Humor: Cargo Cult Programming

Bob Bell bobbell at zk3.dec.com
Fri Nov 15 17:08:46 EST 2002


On Fri, Nov 15, 2002 at 04:57:44PM -0500, Steven Knight <steven.knight at unh.edu> wrote:
> > Emacs has a general scheme for auto-completing keywords.  Let's say
> > that I have three files loaded into Emacs, two locally and one
> > remotely (via a ssh connection, for example).  Let's say that the file
> > on the remote machine happens to contain the word
> > "supercalifragilisticexpeialidocious".  Let's say that I am currently
> > editing one of the local files.  By pressing a tiny few keys, I've got
> > my emacs setup so I can just type "sup M-/" and
> > "supercalifragilisticexpeialidocious" will magically appear (because
> > it is a potential completion).
> > 
> > Out of curiosity, does VIM do anything like this?
> 
> Yeah, if I do:
> 
> :e mai<tab> will do the completion.

    Actually, I think he means editing the buffer text.  This can be
done with ^N ("next", starts looking below) and ^P ("previous", start
looking above).  Both can be repeated until the desired match is found.
When editing a C file, this will also search the #include-d headers.

> > Suppose I decide that this looks horrible, and I want to clean this
> > up.  In Emacs I can type a few keys and transmorgify things thusly:
<snip>
> > Out of curiosity, does VIM do anything like this?
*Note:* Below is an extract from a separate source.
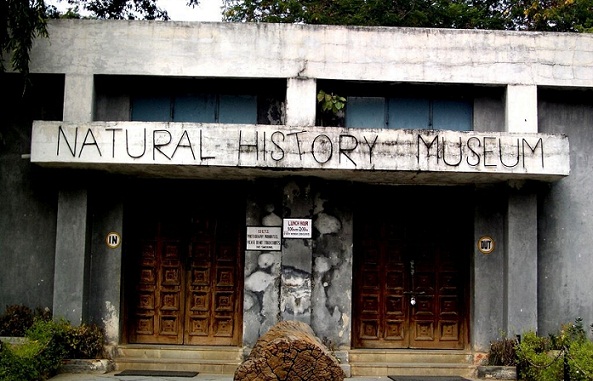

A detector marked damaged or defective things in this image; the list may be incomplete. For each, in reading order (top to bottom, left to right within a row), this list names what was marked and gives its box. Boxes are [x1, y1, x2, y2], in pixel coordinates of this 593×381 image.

peeling plaster wall [242, 178, 352, 348]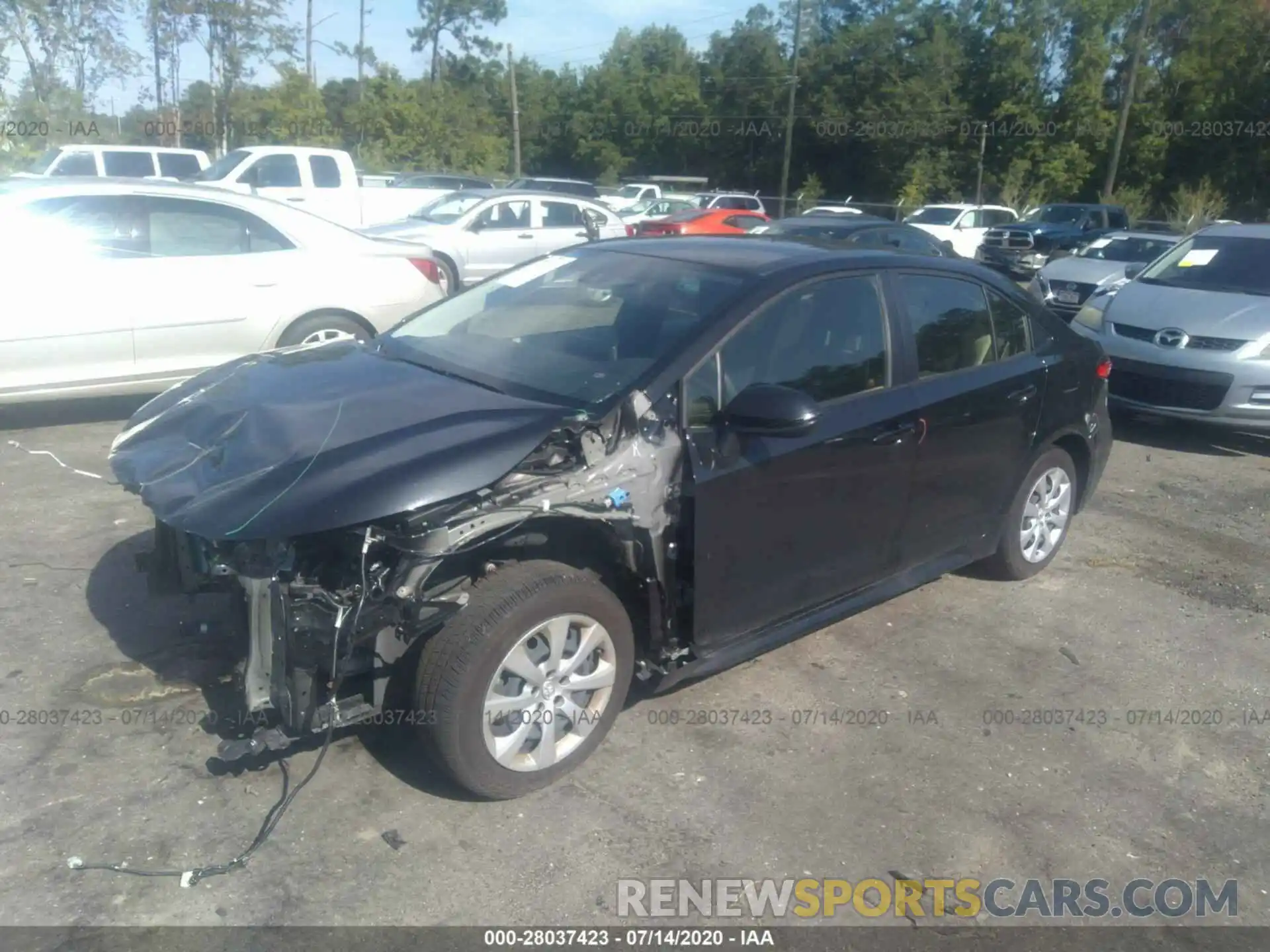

    I'm not sure I even understand what is being asked (I missed the
original email).

> > Suppose I have cut and pasted 5 paragraphs from somewhere else, and
> > all of the lines are >80 characters in length.  I can easily instruct
> > Emacs to just "fill" these paragraphs and wrap all of the lines
> > properly.
> > 
> > Out of curiosity, does VIM do anything like this?
> 
> I'm not sure how to do these two things.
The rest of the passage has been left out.